RECORDS FOR THE EXERCISE ▸
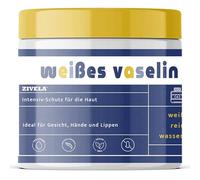 Zivela Gelatina de queroseno blanco 500 g - Vaselina pura para piel seca - Protección intensiva de la piel para cara, manos y labios - Sin agua hipoalergénico vegano sin perfume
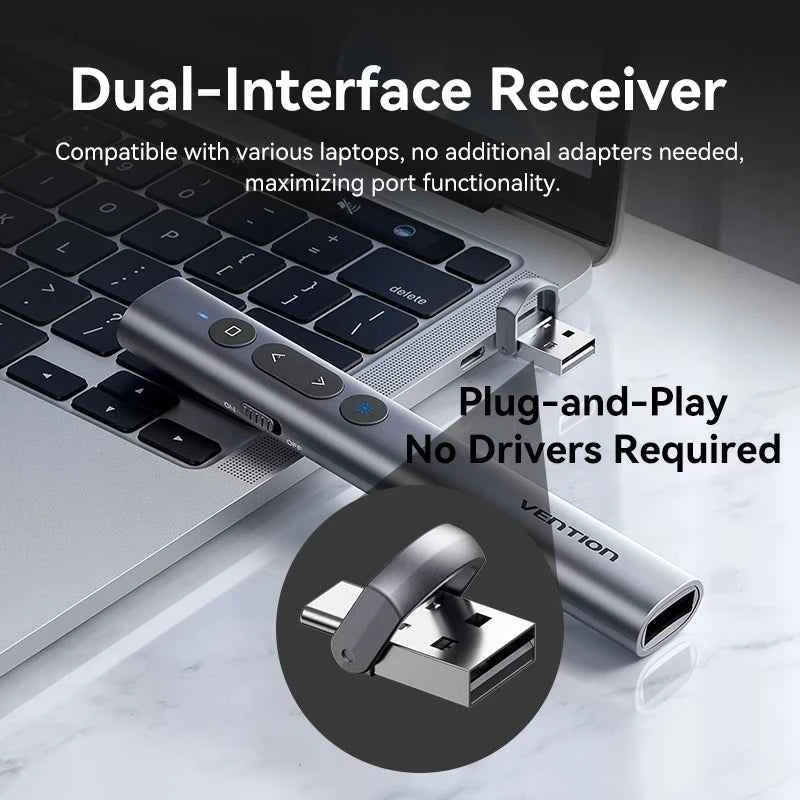 Vention Wireless Laser Pointer Presenter 100m 2.4Ghz USB C for MacBook Android Projector PPT Remote Control Presentation Pen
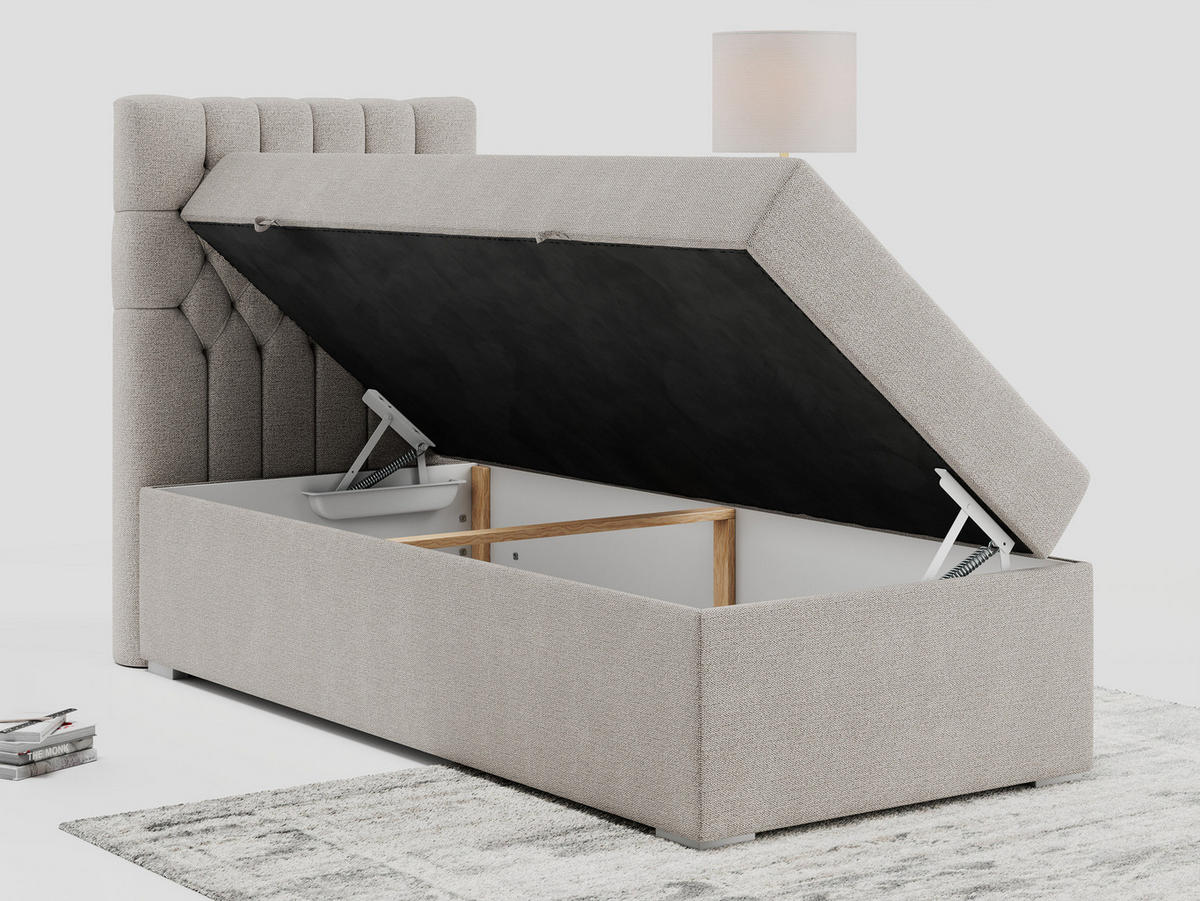 BOXBETT PERA 90/200 Beige Struktur - H3 - Links Seite - Beige, Holz/Textil (90/200cm) - MKS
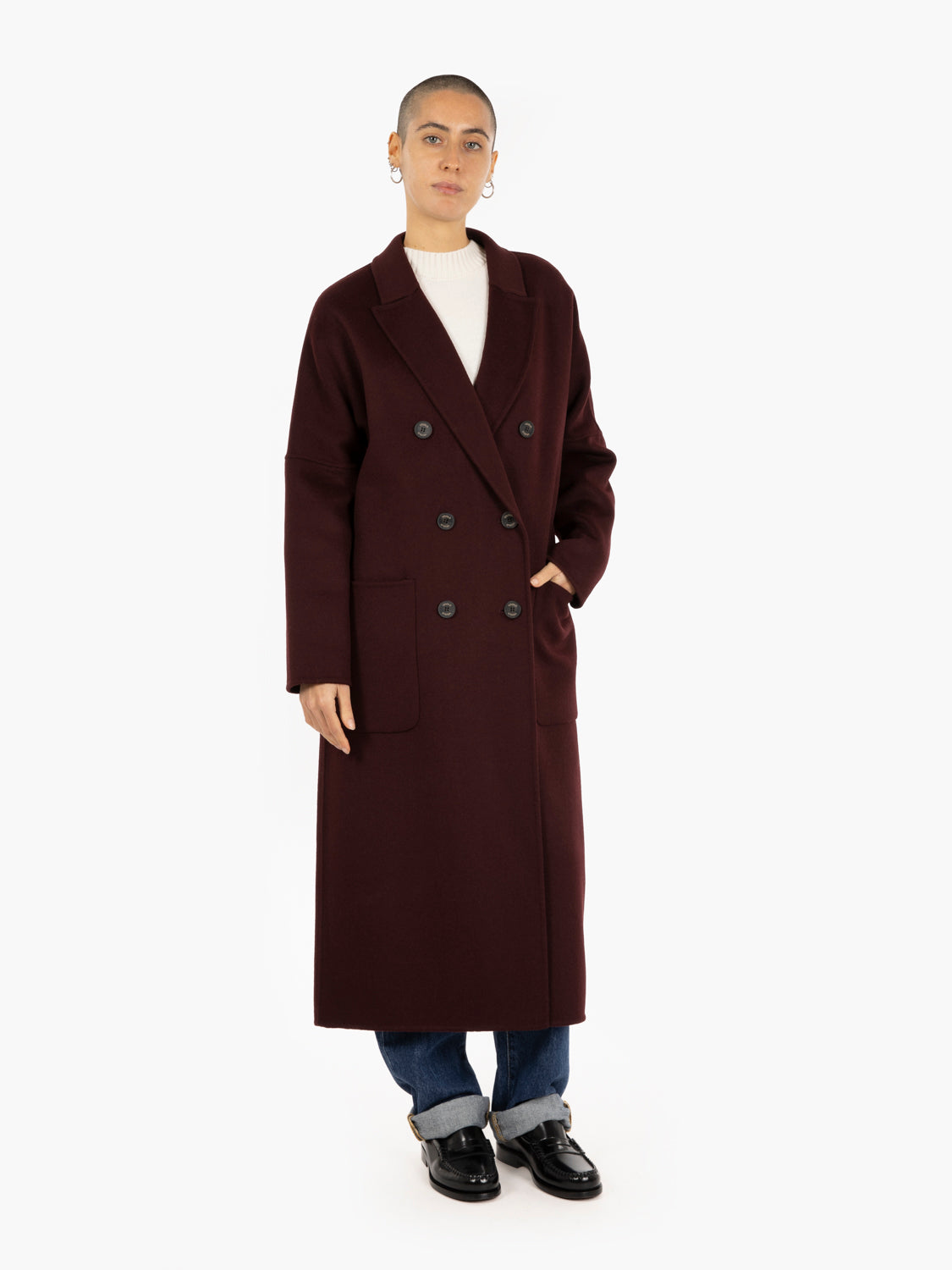Long double-breasted burgundy coat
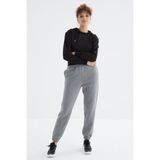 Tommy Life 94624 Gri Melanj Yüksek Bel Rahat Form Basic Jogger Kadın Eşofman Altı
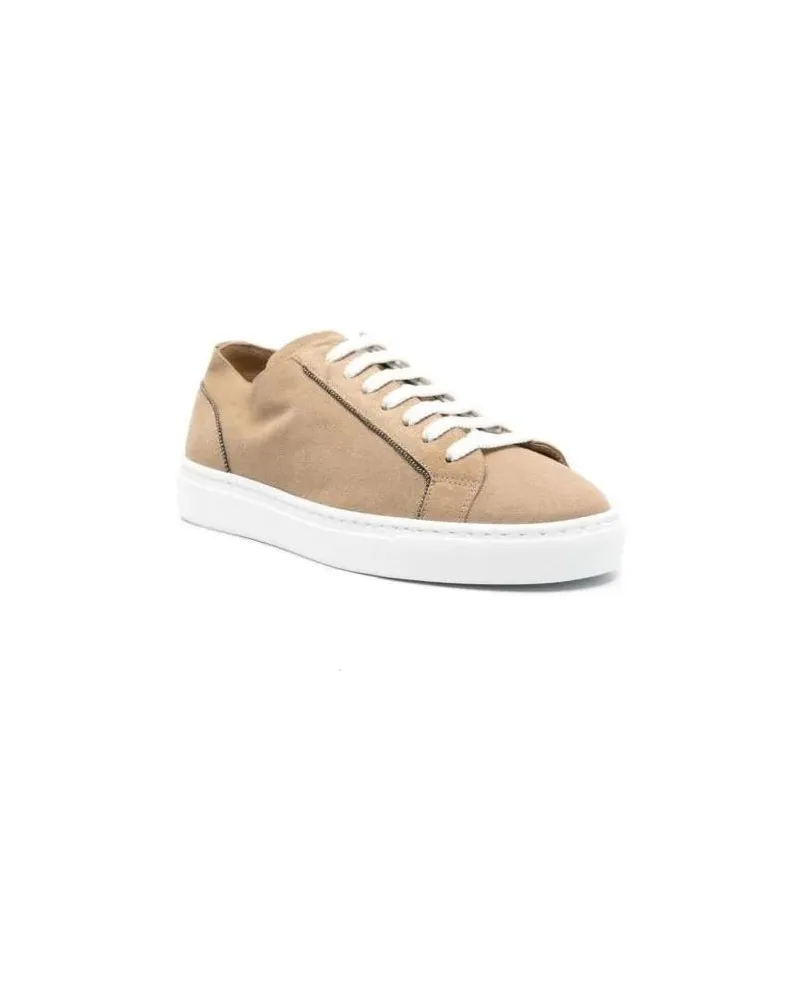 Doucal´s Low-Top Sneaker Monili Chain-Detail Suede Sneakers braun Braun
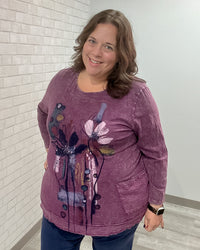 Lillian Cotton Slub Tunic Top | Plum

EXERCISE AIM ▸ Please give the entries again word for word, without any pictures.

THE ANSWER ▸
 Zivela Gelatina de queroseno blanco 500 g - Vaselina pura para piel seca - Protección intensiva de la piel para cara, manos y labios - Sin agua hipoalergénico vegano sin perfume
 Vention Wireless Laser Pointer Presenter 100m 2.4Ghz USB C for MacBook Android Projector PPT Remote Control Presentation Pen
 BOXBETT PERA 90/200 Beige Struktur - H3 - Links Seite - Beige, Holz/Textil (90/200cm) - MKS
Long double-breasted burgundy coat
 Tommy Life 94624 Gri Melanj Yüksek Bel Rahat Form Basic Jogger Kadın Eşofman Altı
 Doucal´s Low-Top Sneaker Monili Chain-Detail Suede Sneakers braun Braun
 Lillian Cotton Slub Tunic Top | Plum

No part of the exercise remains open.